One of the few films that engender debate is Signage, a short about a gay, aging Washingtonian and his unsatisfying encounter with a nubile, deaf, gay Gallaudet University student (“About Face,” 9/28/07). The story is semi-sweet, but the acting and editing and camerawork never rise above mediocrity. Plus, it has a joke about Ally McBeal (referring to a zero-calorie vodka Fresca as a “Calista”) that would have been dated in 2001.

After a powwow, we judge Signage a 62—below the threshold Gann cited as his cutoff (75) for taking second looks at films. Then we notice something in the credits: a thank-you note to Jon Gann.

June 22

An e-mail from Gann warns us we might get angry letters from filmmakers about our rejection slips. He tells us in capital letters, DO NOT respond to them ourselves.

I wait and wait, but no budding Kevin Smiths flame me.

July 21

Between May and July we morph from esteemed judges to “vollies”—volunteers. Gann e-mails to remind us that, in exchange for being judges, we now must provide free labor to run the festival. We send our available times and shirt sizes to Bruno, the volunteer coordinator.
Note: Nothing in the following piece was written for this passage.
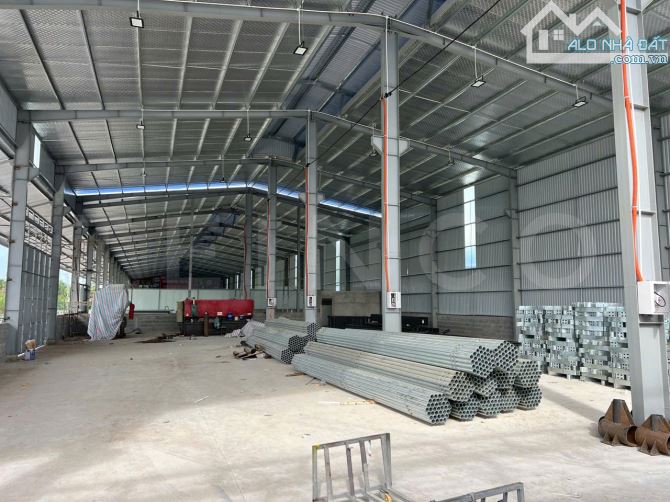 Cho thuê kho xưởng 1.600m² xây dựng mới, đường cặp Quốc Lộ 1A, Q. Cái Răng, TP. Cần Thơ  — - 4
The festival lineup is posted online. I scan the 89 films, checking off “my” movies: Girls’ Room, the hilarious one about the poker-playing serial killer, the weird European one where the girl’s on a couch in a lake (and carries her dead father to Davy Jones’ locker on an unhinged door). Check, check, check.

I miss Detroit Unleaded, so I scroll through again. Hmmm. I search for it, command-F. Nope. I check each film one by one.

And there it is, playing at prime-time Friday night: Signage.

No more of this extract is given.